High-profile film productions including Harry Potter and Tomb Raider were responsible for £539m of overseas investment, according to a government report to be published next week. The record figure is 33 per cent up on 1999 and 822 per cent more than 1992 levels.

The success of the film industry has boosted the inward investment figures – now at £3.4bn. Government sources said the money coming in had created or safeguarded 60,000 jobs during 2000-01.

Many of the industries benefiting from record inward investment had been assisted in attracting cash by Government grants. Latest figures show that the UK is the number one location in Europe for inward investment projects. A Department of Trade and Industry source said: "This report shows that companies recognise that the UK is a good place to do business and that government support for industry is paying off in jobs."

Ministers are delighted that the UK film industry is contributing so much more to the economy.
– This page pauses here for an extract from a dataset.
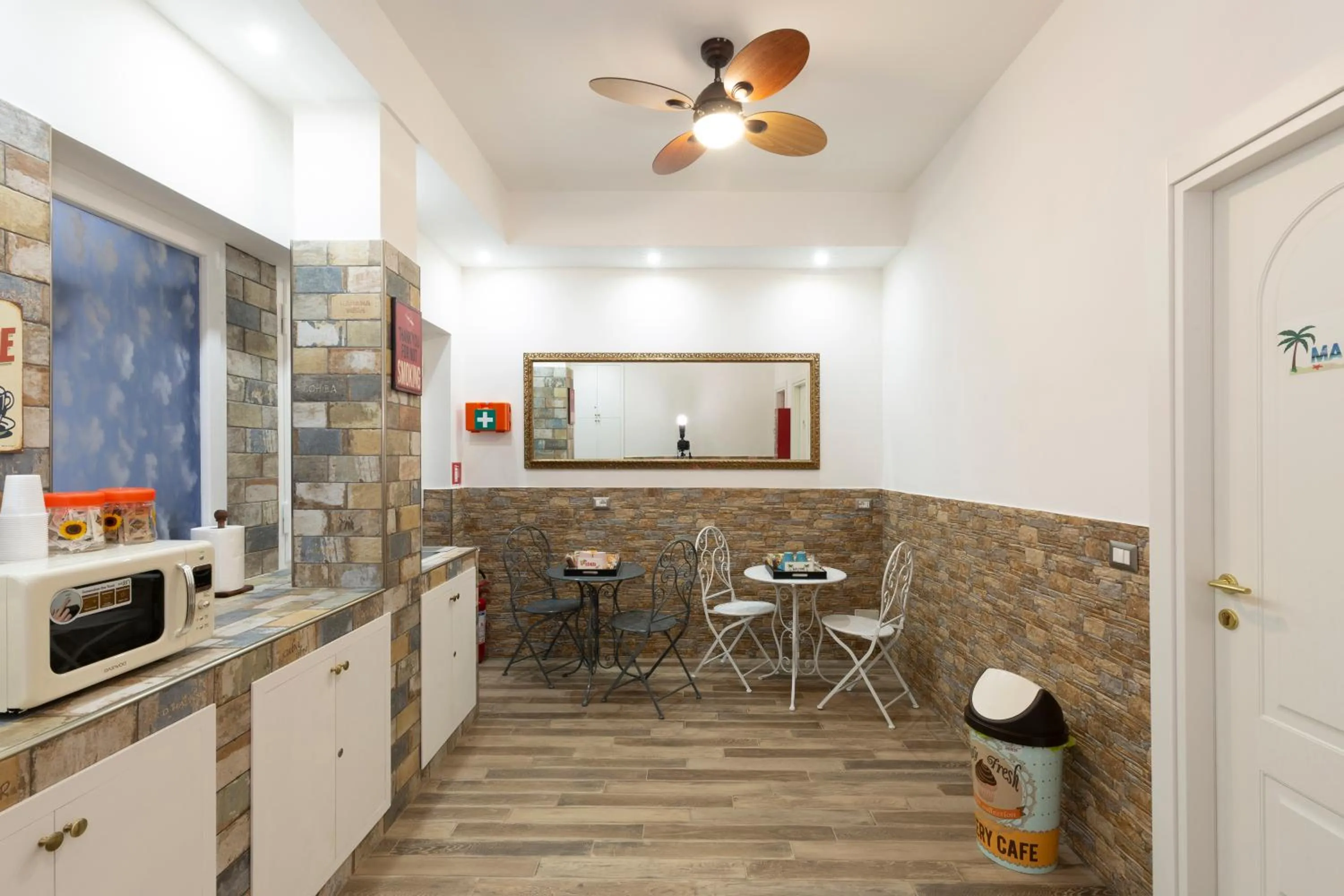 Kitchen or kitchenette in ViOletta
Following tax breaks introduced by Chancellor Gordon Brown aimed at making Britain a more attractive destination for filming on location, record numbers of movies have been shot in the UK. On movies with budgets up to £15m, film makers are now able to write off production costs against tax in the first year.
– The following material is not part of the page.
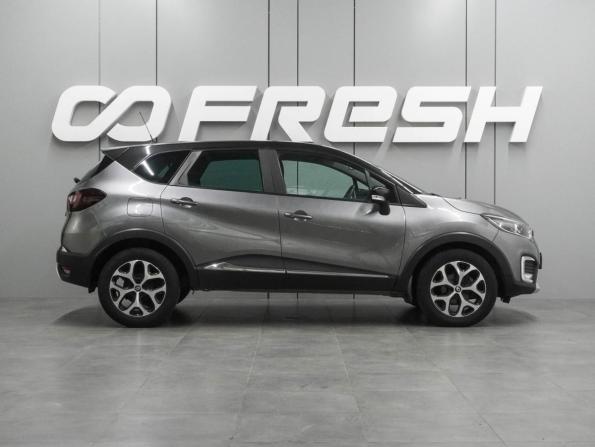 Renault Kaptur I с пробегом 2017 года, цена 1 499 000 рублей, 137354 км, внедорожник, Автокод Объявления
Harry Potter and the Sorcerer's Stone – the keenly awaited celluloid version of the first of JK Rowling's hugely successful books – is not due out until November. But as well as the money from the film-makers themselves, the regions used for filming have also assisted local businesses and will undoubtedly attract tourists to the area: Durham and Gloucester cathedrals, Lacock Abbey in Wiltshire, and Christ Church College and the Bodleian Library, in Oxford, were all used as locations.

The Harry Potter phenomenon, which shows no signs of letting up, is expected to bring yet more income to Britain when the second in the sequence, The Chamber of Secrets, is filmed. The film is still at casting stage but, depending on the success of the first movie, is due to be released next year.

Tomb Raider, featuring Angelina Jolie as Lara Croft, the humanised computer game character, was also filmed in the UK. And other productions, including the James Bond film The World Is Not Enough – the opening sequence of which was filmed on the Thames and at the Millennium Dome – Proof of Life, Chocolat – though set in 1950s France, it was largely filmed in rural England – Possession and Pearl Harbor, also contributed to the investment figure.

The Film Council is now developing a multi-million pound strategy to help increase the number of films and television series – and boost revenues – still further. Plans include working with local tourist boards to capitalise on the kudos regions get after they are featured in hit films.